(DATASET RECORDS)

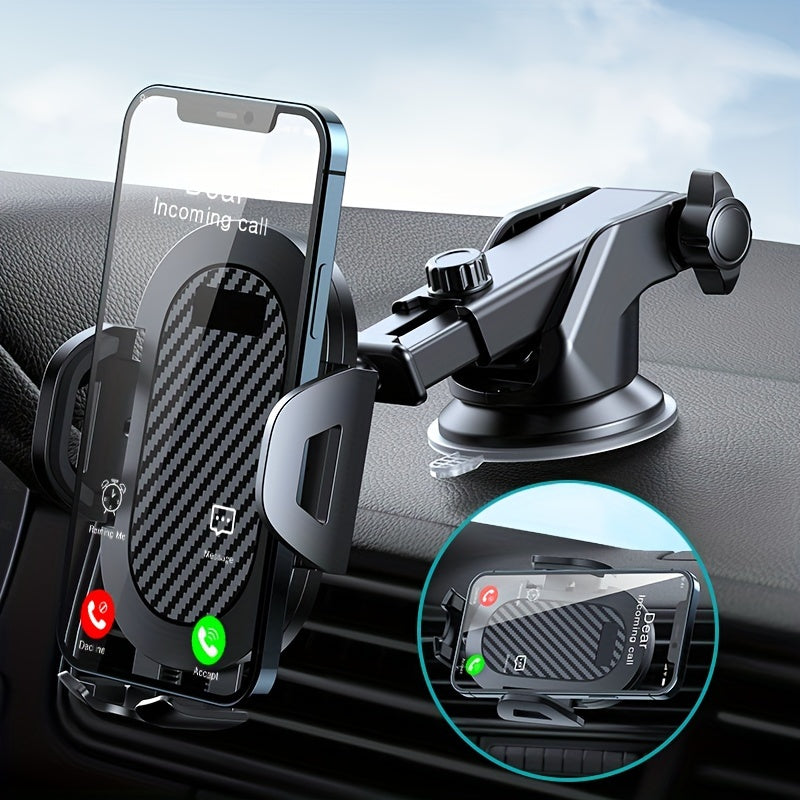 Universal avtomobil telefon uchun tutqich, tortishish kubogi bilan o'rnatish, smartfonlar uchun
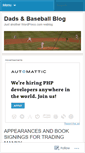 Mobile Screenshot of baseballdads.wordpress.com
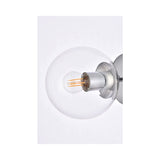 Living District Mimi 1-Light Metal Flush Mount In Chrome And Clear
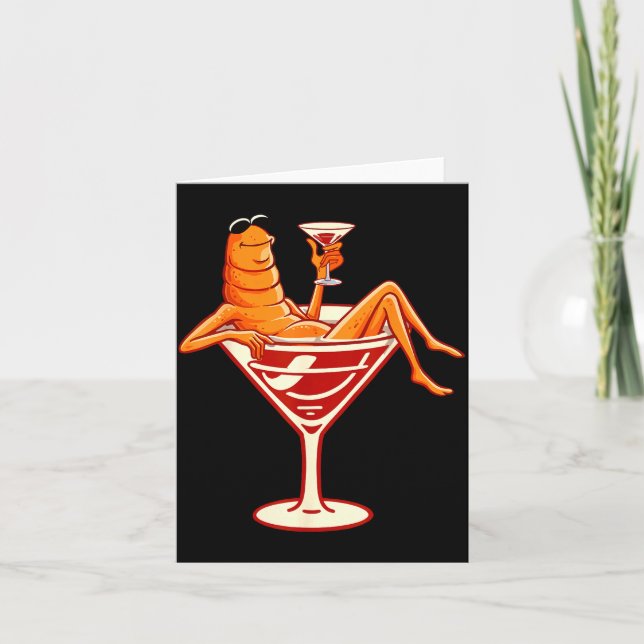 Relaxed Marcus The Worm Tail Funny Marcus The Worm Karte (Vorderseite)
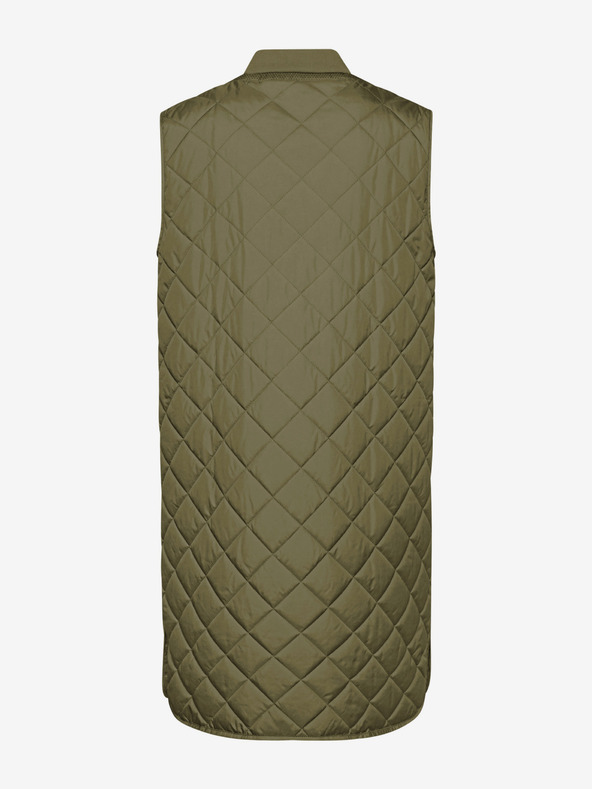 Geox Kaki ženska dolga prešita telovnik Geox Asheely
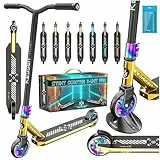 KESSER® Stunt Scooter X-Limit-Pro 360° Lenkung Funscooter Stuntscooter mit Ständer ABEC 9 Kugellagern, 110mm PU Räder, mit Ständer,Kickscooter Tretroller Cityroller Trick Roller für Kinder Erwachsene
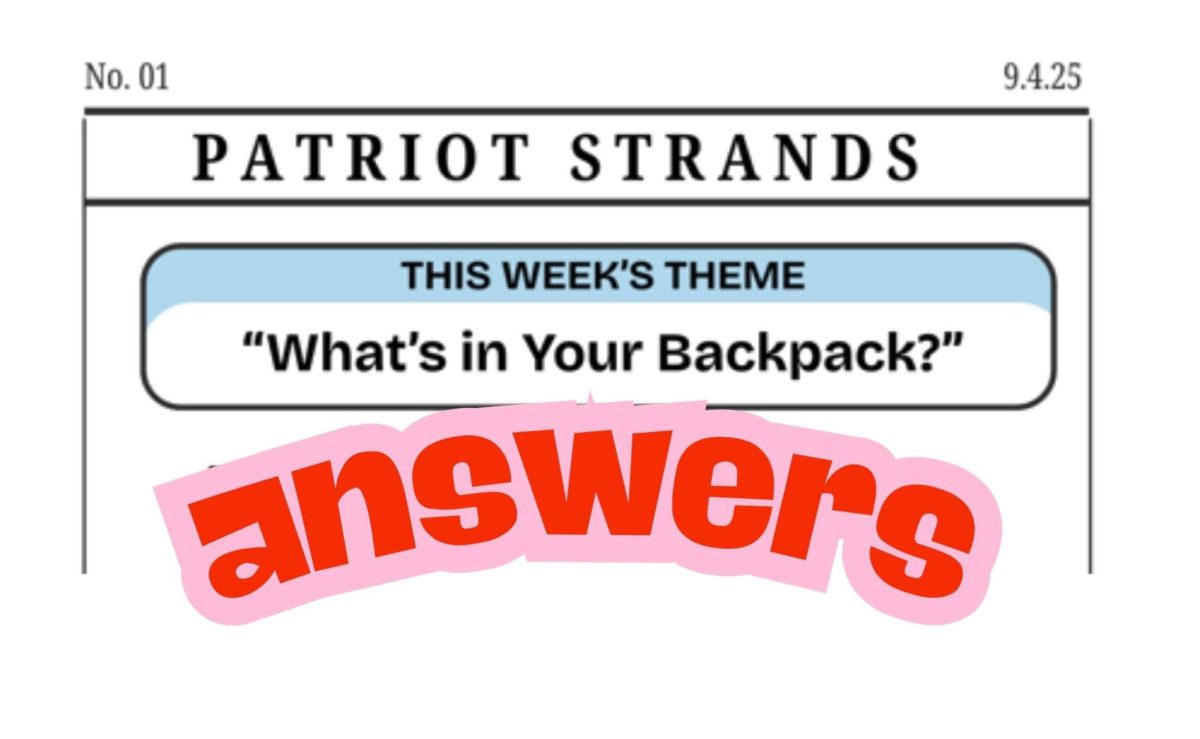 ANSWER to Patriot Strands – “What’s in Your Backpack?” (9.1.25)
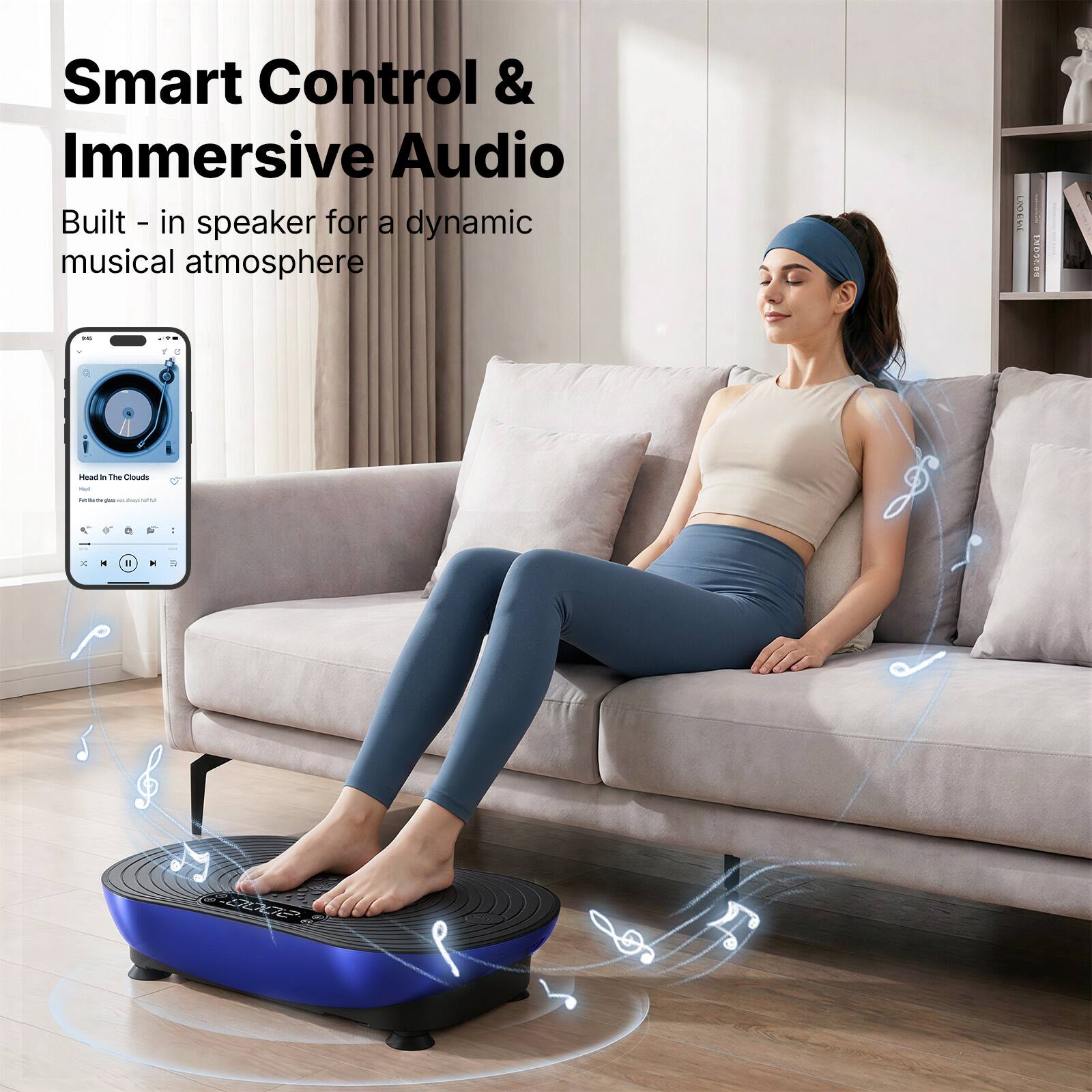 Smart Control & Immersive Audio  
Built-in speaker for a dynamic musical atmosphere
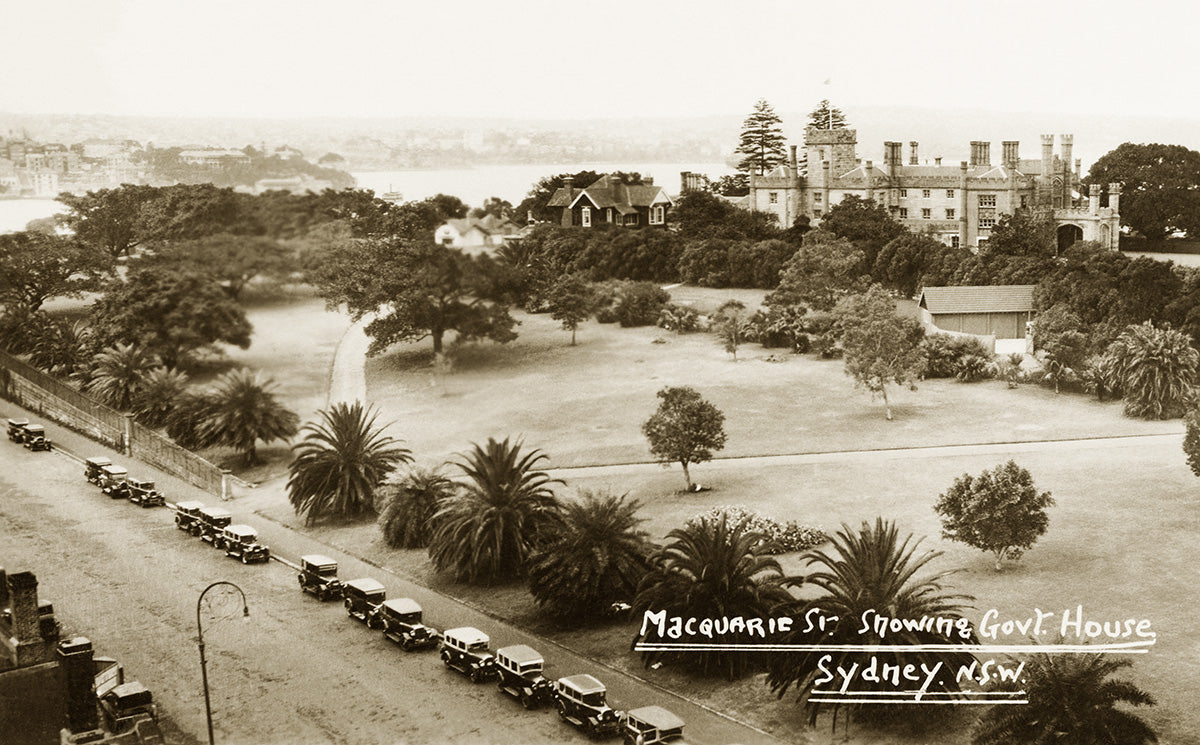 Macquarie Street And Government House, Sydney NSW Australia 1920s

(End DATASET RECORDS)

TASK: A faithful copy of the data is required: each word kept, each picture omitted.

OUTPUT FOR THIS TASK:
 Universal avtomobil telefon uchun tutqich, tortishish kubogi bilan o'rnatish, smartfonlar uchun
 Mobile Screenshot of baseballdads.wordpress.com
 Living District Mimi 1-Light Metal Flush Mount In Chrome And Clear
 Relaxed Marcus The Worm Tail Funny Marcus The Worm Karte (Vorderseite)
 Geox Kaki ženska dolga prešita telovnik Geox Asheely
 KESSER® Stunt Scooter X-Limit-Pro 360° Lenkung Funscooter Stuntscooter mit Ständer ABEC 9 Kugellagern, 110mm PU Räder, mit Ständer,Kickscooter Tretroller Cityroller Trick Roller für Kinder Erwachsene
 ANSWER to Patriot Strands – “What’s in Your Backpack?” (9.1.25)
 Smart Control & Immersive Audio  
Built-in speaker for a dynamic musical atmosphere
 Macquarie Street And Government House, Sydney NSW Australia 1920s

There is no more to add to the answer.